At a meeting one night Young asked that his name be placed upon the agenda; when his time came to speak, he rose and launched into one of the most violent and bitter political attacks in the club's history upon Swann, one of the best young artists. We were aghast. Young accused Swann of being a traitor to the worker, an opportunist, a collaborator with the police, and an adherent of Trotsky. Naturally most of the club’s members assumed that Young, a member of the party, was voicing the ideas of the party. Surprised and baffled, I moved that Young's statement be referred to the executive committee for decision.

...

Determined to end the farce, I cornered Young and demanded to know who had given him authority to castigate Swann.

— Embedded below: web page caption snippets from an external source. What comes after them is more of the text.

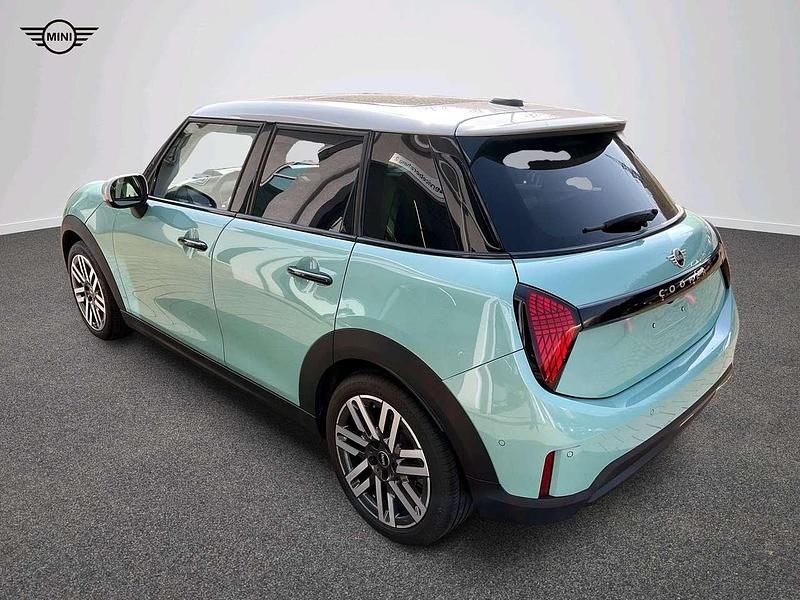 Gebraucht Mini Cooper S Classic 204 PS (150 kW) 2025 Grün Kleinwagen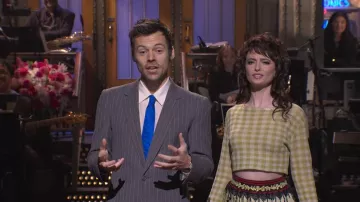 Chopova Lowena Yellow Stacey Knitted Pleated Midi Skirt worn by Sarah Sherman as seen in Saturday Night Live (S51E15)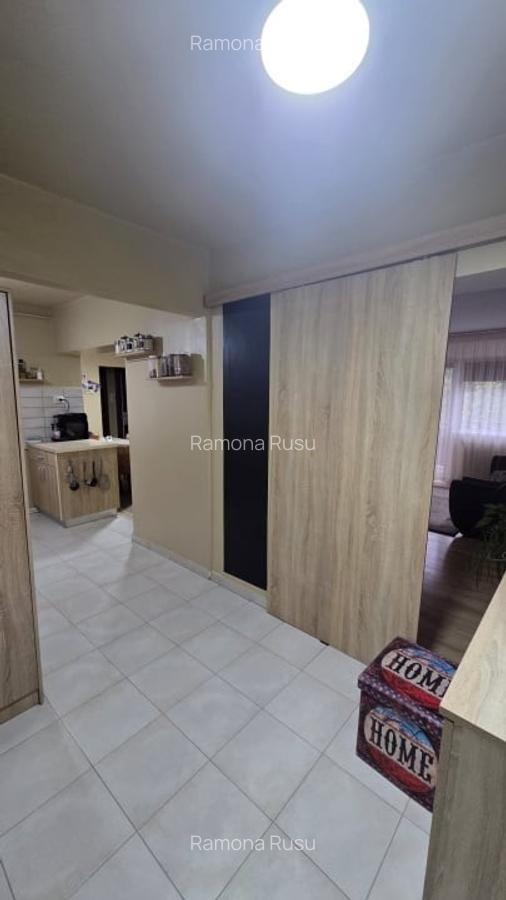 Apartament cu 4 camere, zona Careiului Micro 15 - 2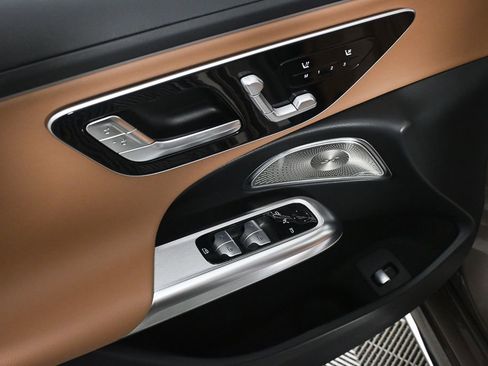 Certified 2025 Mercedes-Benz E 350 4MATIC Sedan image 8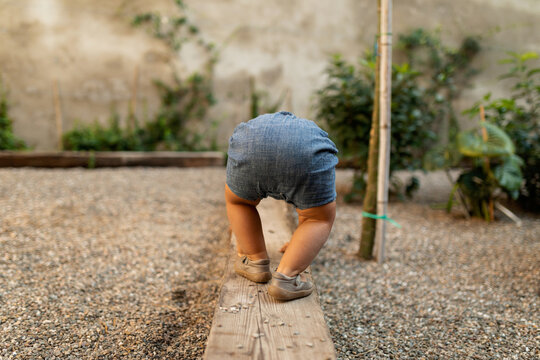 Babe learning to walk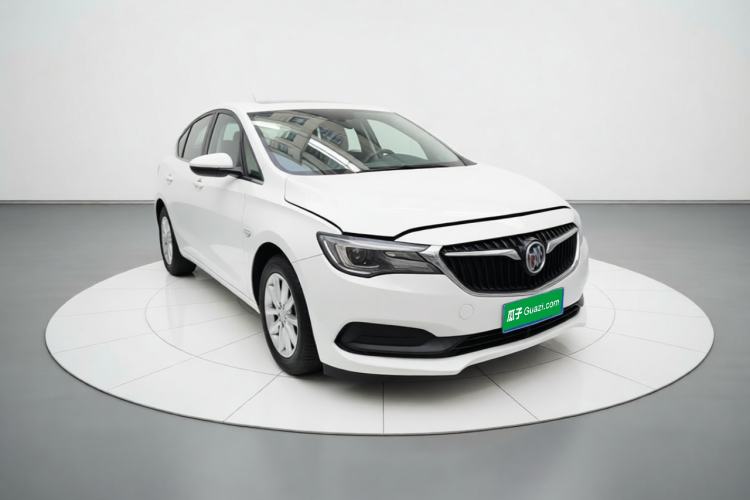 Used Buick GL6 2018 18T 6-Seater Luxury Model Front Right 45 Deg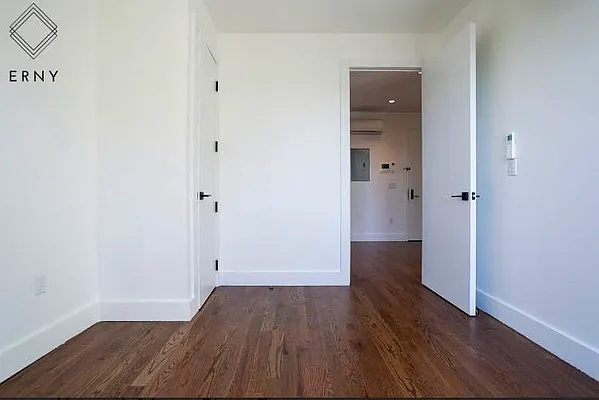 Rented by ERNY LLC | media 9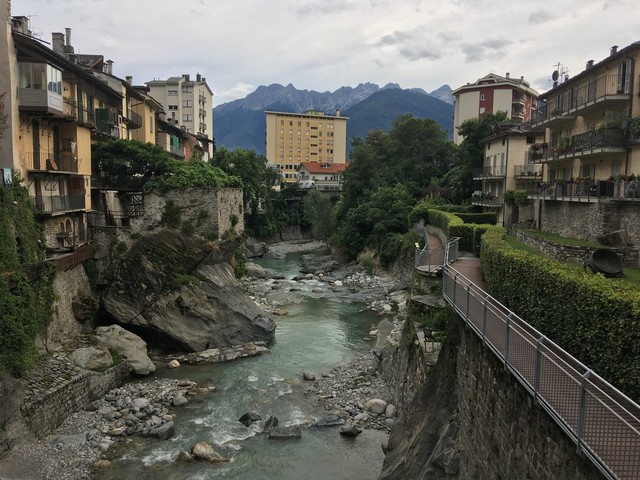 Der Fiume Mera fließt durch Chiavenna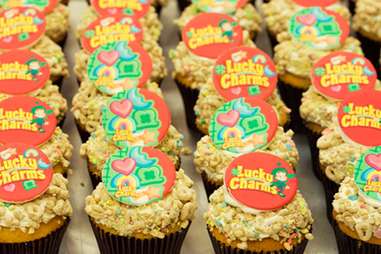 Cake Boss Lucky Charms cupcakes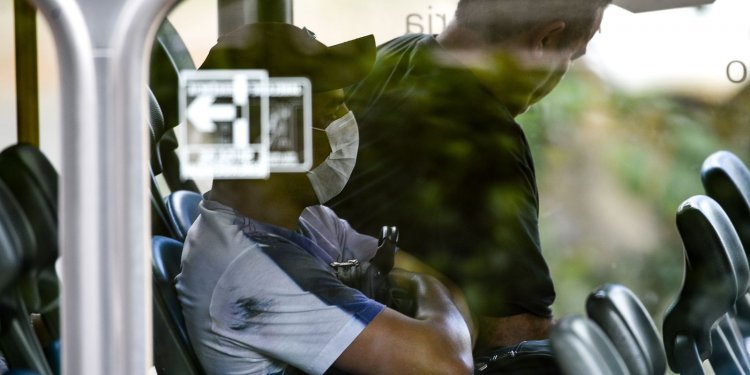 Covid-19: Brasil tem 6.263 novos casos e 16 óbitos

"I've been asked to rid the club of traitors."

"But Swann isn't a traitor," I said.

"We must have a purge," he said, his eyes bulging, his face quivering with passion.

...

One night ten of us met in an office of a leader of the party to hear Young restate his charges against Swann. The party leader, aloof and amused, gave Young the signal to begin. Young unrolled a sheaf of papers and declaimed a list of political charges that excelled in viciousness his previous charges. I stared at Young, feeling that he was making a dreadful mistake, but fearing him because he had, by his own account, the sanction of high political authority.

...

[Some time later, Young vanished without a word.]

One afternoon Comrade Grimm and I sneaked into the club's headquarters and opened Young's luggage. What we saw amazed and puzzled us. First of all, there was a scroll of paper twenty yards long — one page pasted to another — which had drawings depicting the history of the human race from a Marxist point of view. The first page read: A Pictorial Record of Man's Economic Progress.

"This is terribly ambitious," I said.

"He's very studious," Grimm said.

There were long dissertations written in longhand: some were political and others dealt with the history of art. Finally we found a letter with a Detroit return address and I promptly wrote asking news of our esteemed member. A few days later a letter came which said in part: —

Dear Sir:

In reply to your letter, we beg to inform you that Mr. Young, who was a patient in our institution and who escaped from our custody a few months ago, had been apprehended and returned to this institution for mental treatment.

I was thunderstruck. Was this true? Undoubtedly it was. Then what kind of club did we run that a lunatic could step into it and help run it? Were we all so mad that we could not detect a madman when we saw one?

I made a motion that all charges against Swann be dropped, which was done. I offered Swann an apology, but as the leader of the Chicago John Reed Club I was a sobered and chastened Communist.

Let us be sobered and chastened Democrats before it's too late.